→ **TASK TO CARRY OUT**: Begin at the line containing "Scarpe Asics Gel" in the entries below and end at the line containing "Оборудование видеонаблюдения Leofoto"; transcribe that range exactly and nothing outside it.

___ SUPPLIED DATA

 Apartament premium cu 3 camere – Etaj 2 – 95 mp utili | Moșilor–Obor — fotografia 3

______
___ SUPPLIED DATA

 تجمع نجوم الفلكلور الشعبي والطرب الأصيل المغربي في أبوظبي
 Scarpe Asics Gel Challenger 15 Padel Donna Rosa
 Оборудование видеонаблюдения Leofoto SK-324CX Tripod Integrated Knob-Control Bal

______

→ **SOLVED EXERCISE**:
 Scarpe Asics Gel Challenger 15 Padel Donna Rosa
 Оборудование видеонаблюдения Leofoto SK-324CX Tripod Integrated Knob-Control Bal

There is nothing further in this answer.